Quand la chasse iranienne intercepte un avion de ligne kirghize

L'armée de l'air iranienne a intercepté fin février un avion de ligne de la compagnie Kyrgyzstan Airlines afin d'arrêter le chef présumé du groupe islamiste Joundallah.

C'est le 23 février qu'un avion (Yak-40 ?) de la compagnie aérienne kirghize a été intercepté, probablement dans l'espace aérien iranien, par des chasseurs-bombardiers de l'IRIAF, l'armée de l'air iranienne. L'avion a été escorté jusqu'à une base iranienne où il a été forcé à atterrir, avant que l'un de ses passagers, Abdolmalek Rigi, ne soit arrêté par des agents des forces de sécurité. L'avion en question avait décollé un peu plus tôt de l'aéroport de Dubaï et devait atterrir à Bishkek au Kirghizistan.

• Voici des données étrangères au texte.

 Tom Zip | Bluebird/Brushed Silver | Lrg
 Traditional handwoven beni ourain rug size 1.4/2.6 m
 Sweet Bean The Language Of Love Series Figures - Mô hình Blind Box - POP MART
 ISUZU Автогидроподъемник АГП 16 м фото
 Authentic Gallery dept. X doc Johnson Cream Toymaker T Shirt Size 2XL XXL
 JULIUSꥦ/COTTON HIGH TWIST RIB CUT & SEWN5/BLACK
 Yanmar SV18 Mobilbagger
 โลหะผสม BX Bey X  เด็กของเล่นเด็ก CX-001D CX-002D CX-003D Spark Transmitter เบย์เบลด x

Abdel Malek Rigi est considéré par les autorités iraniennes comme le leader du groupe islamiste sunnite Joundallah, qui opère notamment au sud-est de l'Iran (Sistan-Balouchistan) et s'oppose au régime de Téhéran depuis des années. Ce groupe considéré comme terroriste par le gouvernement iranien serait notamment responsable de l'attentat du 18 octobre 2009 qui avait visé les gardiens de la révolution et fait plus de 40 morts.

Les autorités iraniennes ont affirmé que Rigi s'était rendu peu avant son départ de Dubaï sur une base militaire américaine et qu'il devait rencontrer une personnalité américaine de haut rang sur le territoire kirghize. Souhaitant maximiser l'impact médiatique de cette prise, le gouvernement de Téhéran a diffusé en boucle les images de l'arrestation de Rigi, ainsi que l'enregistrement de sa confession publique. La capture du chef islamiste devrait même faire l'objet d'un film réalisé sous l'autorité du ministère iranien de la culture et de la guidance islamique.

Le gouvernement kirghize a formulé une protestation officielle contre l'interception de l'un de ses vols internationaux, qualifiant l'action iranienne d'inacceptable. L'ambassadeur kirghize en Iran, Medetkan Sherimkulov, a toutefois nié qu'un passager étranger ait été arrêté à bord de l'appareil de Kyrgyzstan Airlines. Le ministre iranien des affaires étrangères a répliqué en convoquant l'ambassadeur Sherimkulov pour protester contre ses déclarations selon lesquels Rigi n'aurait pas été arrêtés à bord d'un appareil kirghize.

Le gouvernement Ahmadinejad semble décidé à utiliser cette capture à l'encontre des Etats-Unis. Selon les déclarations de Rigi, obtenues dans des conditions troubles, il aurait rencontré des agents de la CIA à Dubaï qui lui auraient promis le financement de son mouvement, ainsi que des armes, des munitions et la mise à sa disposition d'une base en Afghanistan, proche de la frontière avec l'Iran. Dans cette campagne de propagande, Téhéran trouve un allié inattendu en la personne du sulfureux journaliste américain Wayne Madsen, qui affirme que Rigi devait rencontrer Richard Holbrooke sur la base de Manas, une "information" que seul Madsen confirme et que la presse officielle iranienne s'est empressée de reprendre.